If a conserve mode occurred in the past, the output of 'get hardware mem' will be written into the crashlog at the time of the event.
This helps to understand where memory was allocated at the time of the issue.
This data can be seen with the command 'diag debug crashlog read' or in a 'diag debug report' where this command is already included.
The output below is already filtered for the most interesting areas.
 
diag debug report
...
diagnose debug crashlog read
10: 2023-10-12 11:09:05 service=kernel conserve=on total="24140 MB" used="21247 MB" red="21243 MB"
11: 2023-10-12 11:09:05 green="19795 MB" msg="Kernel enters memory conserve mode"
12: 2023-10-12 11:09:07 MemTotal: 24720008 kB
13: 2023-10-12 11:09:07 MemFree: 1725984 kB
16: 2023-10-12 11:09:07 Cached: 1270152 kB
18: 2023-10-12 11:09:07 Active: 15681444 kB <----- Most memory was allocated in active mem.
32: 2023-10-12 11:09:08 Shmem: 593924 kB
33: 2023-10-12 11:09:08 Slab: 1459632 kB
 

 

  1. Depending on the area with high memory usage, collect the output of more commands for Technical support to troubleshoot.

 

After the area(s) with the most memory usage have been isolated, further commands should be used to help find the cause.

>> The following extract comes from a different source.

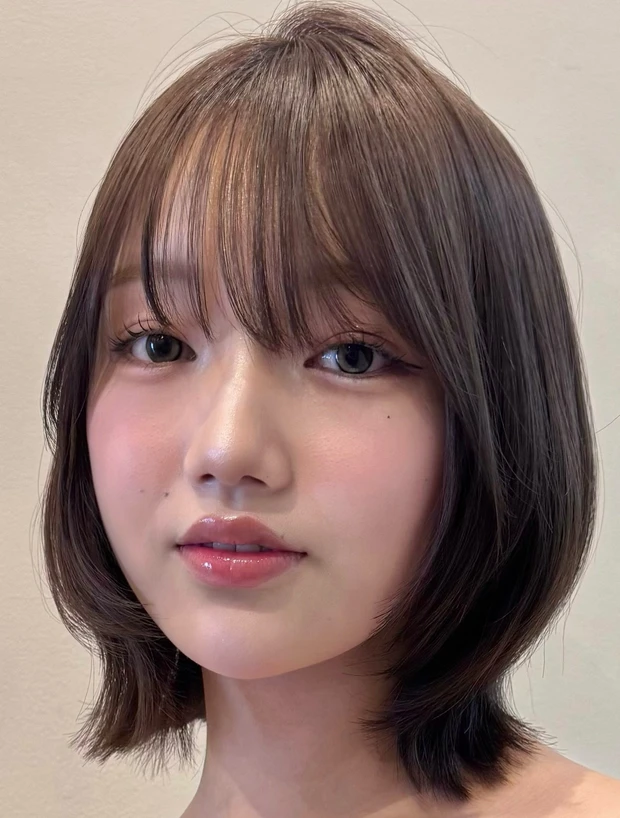 髪型 小顔ボブ ボブヘア 前髪あり シースルーバング 正面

Make sure to also share all commands from step 1, i.e. the output of 'diag debug report'.

 

See below as simplified steps:

 

 

  1. If memory is high in cached memory, collect data about files on the disk.

 

fnsysctl df -h
fnsysctl du -d 1 -a
fnsysctl du -alLH /

 

  1. If memory is high in Active memory, collect data about active user space processes.

 

diagnose sys top-mem 99
diagnose sys top 1 99 5

 

  1. If memory is high in Shmem shared memory, collect data about shared memory and files on the disk.

 

diagnose hardware sysinfo shm
fnsysctl ls -al /dev/shm
fnsysctl du -d 1 -a /dev/shm/
fnsysctl ls -al /tmp
fnsysctl du -d 1 -a /tmp
fnsysctl cat /proc/sysvipc/shm

fnsysctl df -h
fnsysctl du -d 1 -a /
fnsysctl du -alLH /

 

  1. If memory is high in kernel slabs, collect slabs info.

 

diag hardware sysinfo slab

 

This is the same as the following command:

 

fnsysctl cat /proc/slabinfo

 

The command is also included in a debug report, so a debug report is preferred as it contains additional details.

 

diag debug report

 

With these initial details collected while the memory is allocated (above 75%), the root cause can be quickly isolated. Please note that the base memory consumption for smaller devices with 2GB of memory or less can be quite high, at times close to the 75% threshold mentioned. For small devices it is best to first implement memory optimizations as described in the KB article Technical Tip: Free up memory to avoid conserve mode. This way FortiOS will need to misallocate more memory to get to the 75% memory threshold making it easier to identify the problem.